- PROBLEM STATEMENT -
Give the data again exactly, without its images.

### DATA SECTION

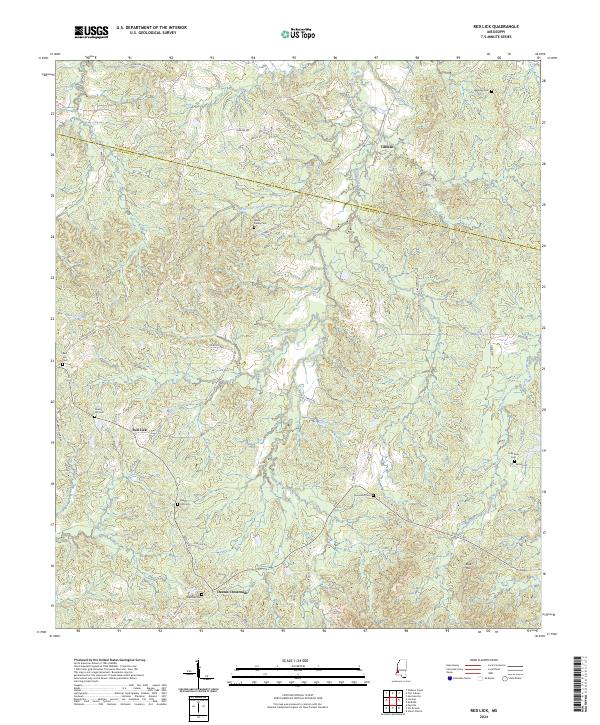 US Topo 7.5-minute map for Red Lick MS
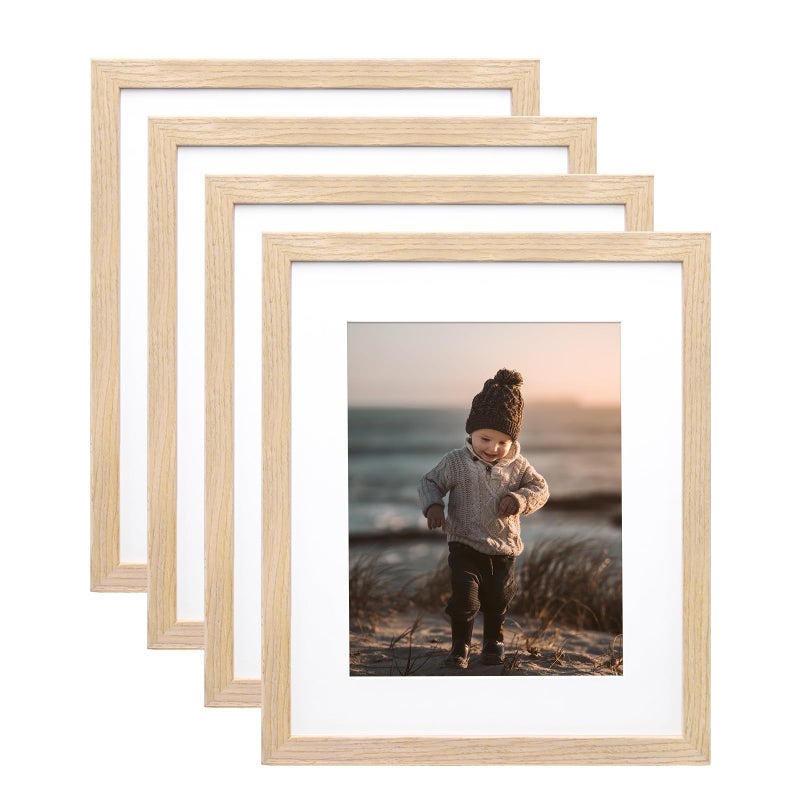 KINLINK 10x12 Picture Frames Natural Wood Frames with Acrylic Plexiglass for Pictures 7x9 with Mat or 10x12 without Mat  Tabletop and Wall Mounting Display  Set of 4 - Image 1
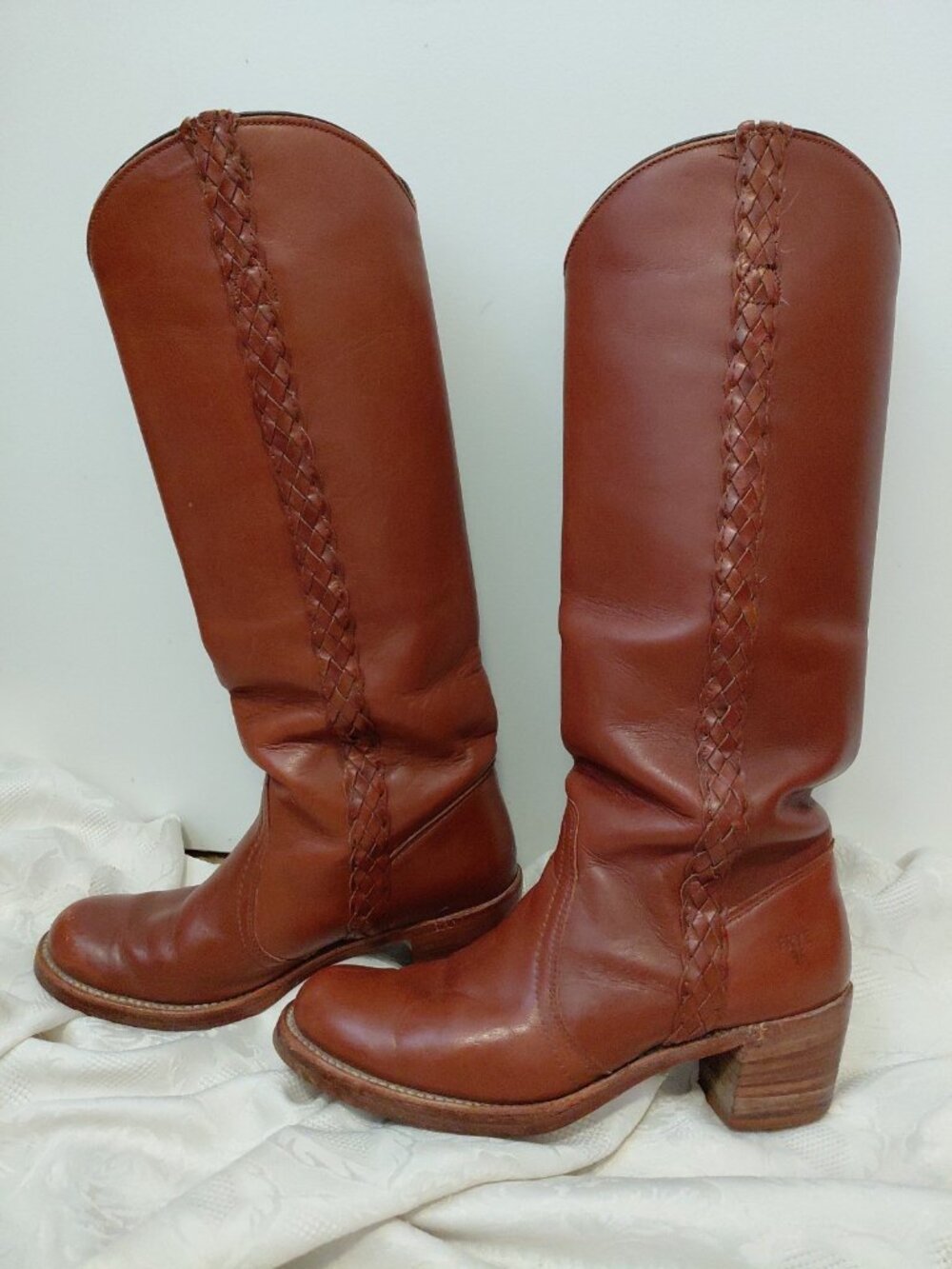 FRYE Vintage 70s Braided Sabrina Campus Boots Tall USA Made Womens 8.5 Brown - Picture 2 of 13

######

- RESPONSE TO THIS TASK -
 US Topo 7.5-minute map for Red Lick MS
 KINLINK 10x12 Picture Frames Natural Wood Frames with Acrylic Plexiglass for Pictures 7x9 with Mat or 10x12 without Mat  Tabletop and Wall Mounting Display  Set of 4 - Image 1
 FRYE Vintage 70s Braided Sabrina Campus Boots Tall USA Made Womens 8.5 Brown - Picture 2 of 13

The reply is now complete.